Tony Morrill said...

Hey Anonymous, thanks for the reply!

First English is definitely my native tongue as I was born and raised in the U. S. of A. For your sake anonymous I can't say that I'm necessarily going to proofread. It's the nature of the beast. Remember this is just a blog, not a periodical, not a magazine, and not a scientific journal. If, on occasion there exist some typos then oh well. Additionally I hope that you did more than "glance" at a few paragraphs and actually took the time do digest the information that was given.

As one final point I would like to say that typically criticism, even of a constructive nature, goes better when you do not insult the recipient. As for pics, I don't know if they will "depict (me) as the redneck (I) seem to be" but you are more than welcome to either head over to my Facebook page or Google+ page for many more photos of me.

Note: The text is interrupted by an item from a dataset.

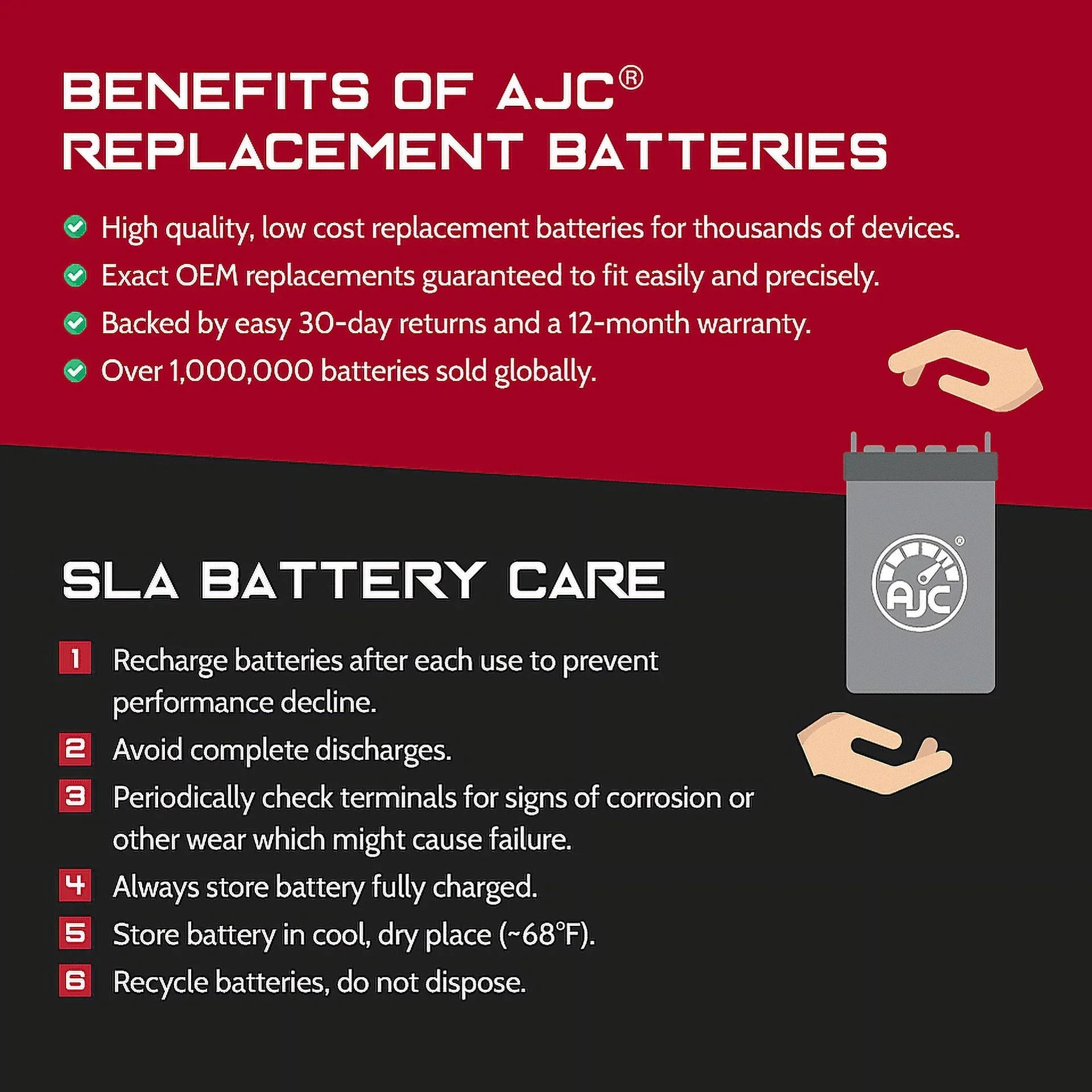 AJC Battery Compatible with Polaris SLT 780 800CC Personal Watercraft Replacement Battery (1996-1997)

Oh and as a ps, should you choose to critique in the future, why not have the intestinal fortitude to sign your actually name on it instead of hiding behind the anonymity of the internet. It will certainly make your case a lot stronger. And I might actually be more inclined to listen!

Unknown said...

Excellent piece of research. I learned something new about something I only had a passing knowledge about. Not to dishearten you; but I believe there is a modernized horror movie in the works loosely based off of the Phillip experiments.

Anonymous said...

I'd just like to point out that your comment to anon1's criticism on your improper usage of homonyms and other such grammatical errors had, by my count, at least 3 errors.

Tony Morrill said...

Oh well, can't win them all right? :) I appreciate you pointing this out. Anonymously of course.